そこで着目したのが、苗の細胞を培養し、増殖する技術だ。町とJAは20年に苗の復活プロジェクトを発足。ワサビ苗の培養技術を持つ食品メーカーと連携し、苗を生産することに成功した。

21年からはクラウドファンディングを募り、より安定生産するための技術確立や、農地で実際に栽培する実証を実施。今年5月には実証で植えた苗から初めて収穫できた。現在実証中だが、プロジェクトでは、生産した苗を25年から生産者向けに供給できるよう目指している。
新しい苗を待ち望んでいる生産者からは期待の声が上がる。
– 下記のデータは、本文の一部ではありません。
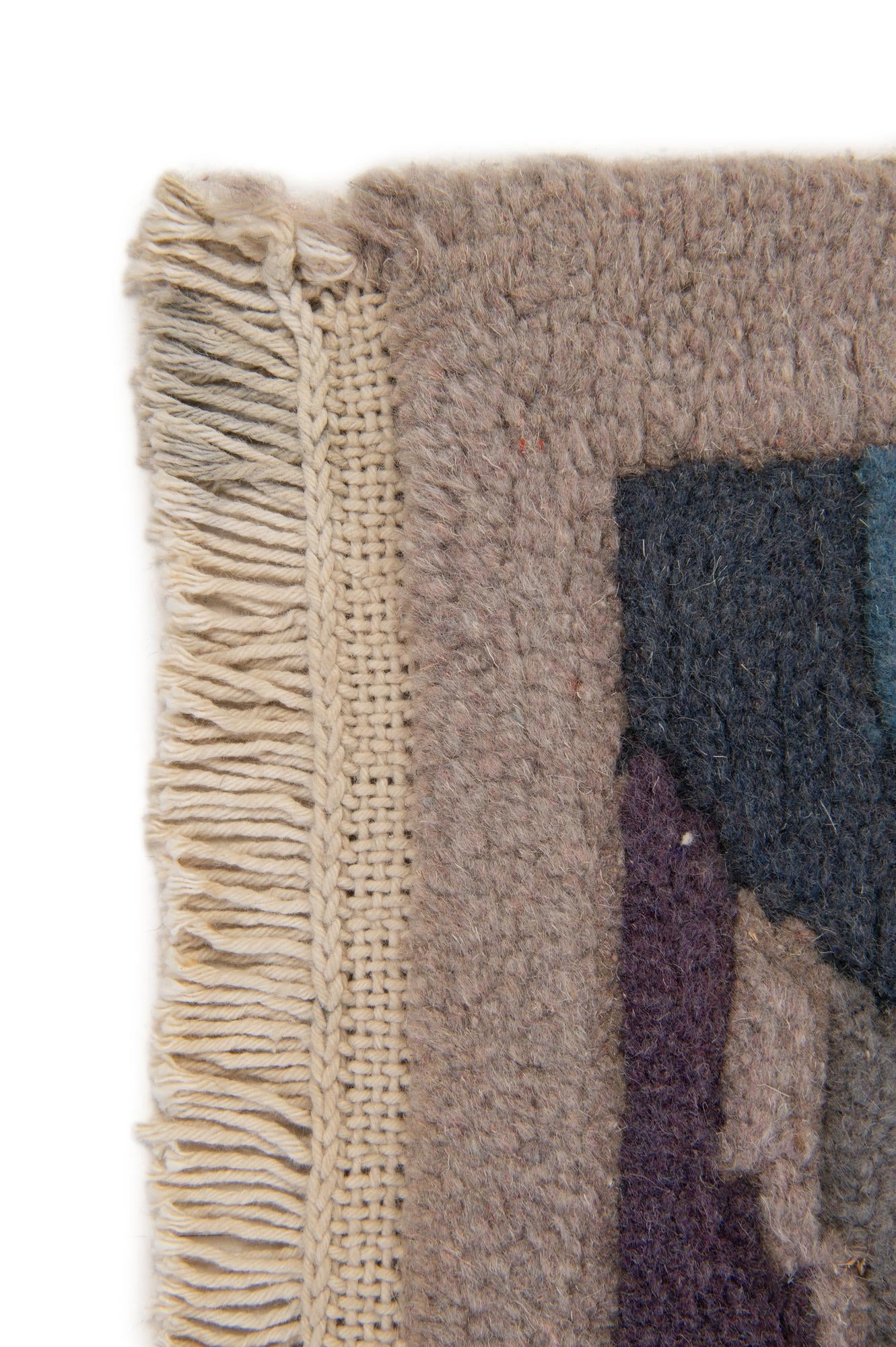 4' x 5' 10 Hand Knotted Nepal Wool Rug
アスパラガス4ヘクタールを栽培する、白金アスパラガス生産部会部会長の沢尻朋希さん(51)は「さまざまなメディアでも取り上げてもらい、徐々に知名度も上がってきているラスノーブルが今後も消費者に届られるようになってほしい」と話す。
JAは「町内全体でのアスパラガスの生産は減少傾向にあり、ラスノーブルの復活を皮切りに、今後のアスパラガス生産全体の一層の振興につながることを期待している」(販売部青果課)と強調する。
再興に向けたPRも本格化してきた。町やJA、農業関係組織などでつくる協議会は「ラスノーブル」のキャラクターを作成し、今年5月に「ビアラ」と命名。地域内外でのさまざまな宣伝などに活用する予定だ。